Ont-ils une intelligence, pour ne point s’en servir ? Aussi, soutenons de toutes nos forces les penseurs, les idéalistes, ceux enfin qui essaient d’apporter dans les rapports des peuples, la justice de la fraternité. Une réalisation quoique imparfaite de nos rêves s’ébauche, je veux parler de la société des Nations. Nous saurons l’aider, et si nous savons imposé nos désirs de pais à ceux qui nous dirigent, cette Société des Nations d’affermira, s’élargira, et deviendra le Tribunal qui réglera par le droit le conflit des Nations. Alors, nous aurons bien mérité de nos Morts.
En tombant, tous ont cru tuer à jamais la guerre. On le leur a dit, et on leur a redit ; aussi protégeons de toutes nos forces leurs enfants et les nôtres contre ce fléau qui enlaidit l’humanité et la déshonore.
Chaque fois que nous passerons auprès de ce monument où nous avons uni leurs souvenirs, répêtons leur qu’ils peuvent compter sur nous, inclinons nous bien pas devant ce monument, fleurissons le, fleurissons leurs tombeaux qui l’entourent honorons leur mémoire. Promettons leur de venir en aide à leurs vieux parents, à leurs épouses, à leurs chers petits enfants privés de leur soutiens ; disons leur aussi que leur cœur reste au milieu de nous, que nous écouterons les accents, de leur voix d’outre tombe qui nous dit d’être unis, de faire trêve à nos divisions stériles, que nous nous donnerons fraternellement la main, que nous nous grouperons afin d’obtenir un bien être plus grand pour chacun, et un développement plus large de la civilisation et de progrès pour tous.
Au nom du conseil municipal, au nom de la population de Vierzon Forges, inclinons nous avec respect devant nos grands blessés qui souffrent avec résignation.
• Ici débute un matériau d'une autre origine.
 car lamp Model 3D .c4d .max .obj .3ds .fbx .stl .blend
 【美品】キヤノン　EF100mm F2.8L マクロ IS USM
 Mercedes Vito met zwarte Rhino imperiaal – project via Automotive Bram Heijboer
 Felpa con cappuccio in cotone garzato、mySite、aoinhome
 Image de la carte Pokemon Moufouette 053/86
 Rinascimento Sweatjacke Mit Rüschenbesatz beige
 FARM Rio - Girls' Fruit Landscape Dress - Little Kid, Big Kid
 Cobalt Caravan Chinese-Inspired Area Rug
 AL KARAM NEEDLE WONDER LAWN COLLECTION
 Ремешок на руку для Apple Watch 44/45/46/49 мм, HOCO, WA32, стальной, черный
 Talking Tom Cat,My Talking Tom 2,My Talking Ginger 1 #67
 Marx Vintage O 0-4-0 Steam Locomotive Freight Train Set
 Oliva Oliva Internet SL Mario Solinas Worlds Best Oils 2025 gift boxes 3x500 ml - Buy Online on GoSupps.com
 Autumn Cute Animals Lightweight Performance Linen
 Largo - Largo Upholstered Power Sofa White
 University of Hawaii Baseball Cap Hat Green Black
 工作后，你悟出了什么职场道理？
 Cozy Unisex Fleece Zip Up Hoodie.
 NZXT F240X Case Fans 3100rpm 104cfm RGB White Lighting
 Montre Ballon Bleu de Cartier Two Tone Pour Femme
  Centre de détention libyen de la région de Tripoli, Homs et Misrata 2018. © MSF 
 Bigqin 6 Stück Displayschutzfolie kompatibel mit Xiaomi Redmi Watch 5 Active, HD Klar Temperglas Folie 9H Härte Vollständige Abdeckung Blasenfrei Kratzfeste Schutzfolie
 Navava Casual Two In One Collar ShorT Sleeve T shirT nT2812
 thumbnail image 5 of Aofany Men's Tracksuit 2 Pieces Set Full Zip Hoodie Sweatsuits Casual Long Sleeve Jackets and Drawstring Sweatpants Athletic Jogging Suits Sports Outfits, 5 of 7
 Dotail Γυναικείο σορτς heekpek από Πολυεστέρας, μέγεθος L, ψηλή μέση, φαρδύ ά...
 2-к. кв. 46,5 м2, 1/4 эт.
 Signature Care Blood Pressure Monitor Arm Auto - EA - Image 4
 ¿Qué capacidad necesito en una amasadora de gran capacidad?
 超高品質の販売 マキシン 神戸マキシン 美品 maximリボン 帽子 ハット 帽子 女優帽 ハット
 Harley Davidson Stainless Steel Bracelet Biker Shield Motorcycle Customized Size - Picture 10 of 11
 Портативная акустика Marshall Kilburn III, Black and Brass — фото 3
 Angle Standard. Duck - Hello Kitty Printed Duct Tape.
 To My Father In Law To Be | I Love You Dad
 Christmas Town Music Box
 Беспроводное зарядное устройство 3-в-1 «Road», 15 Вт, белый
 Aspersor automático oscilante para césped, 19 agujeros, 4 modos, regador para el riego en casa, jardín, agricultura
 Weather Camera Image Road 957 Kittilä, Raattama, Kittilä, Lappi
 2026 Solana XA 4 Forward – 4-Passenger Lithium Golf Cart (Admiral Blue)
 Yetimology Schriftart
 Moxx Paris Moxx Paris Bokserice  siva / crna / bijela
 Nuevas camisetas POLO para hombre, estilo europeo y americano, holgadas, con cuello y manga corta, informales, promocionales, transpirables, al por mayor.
Devant ce monument, devant ces tombes ? Associons-nous du fond de notre cœur à la douleur de ceux qui pleurent leurs chers disparus, mais que ceux-ci regardent autour d’eux, qu’ils voient toute cette population recueillie et sympathique, qu’ils regardent tous ces camarades, ces enfants de nos écoles, qui comprendront eux plus tard, le sacrifice de leurs aînés. Que toutes ces marques de sympathie puissent adoucir leur douleur. Reposez en pais braves enfants à l’abri de notre ferveur et de notre reconnaissance.
Et qu’à dater de ce jour, nul ne vienne dans ce cimetière sans penser à s’incliner respectueusement devant ce monument qui immortalise le souvenir des enfants de Vierzon Forges morts pour la France."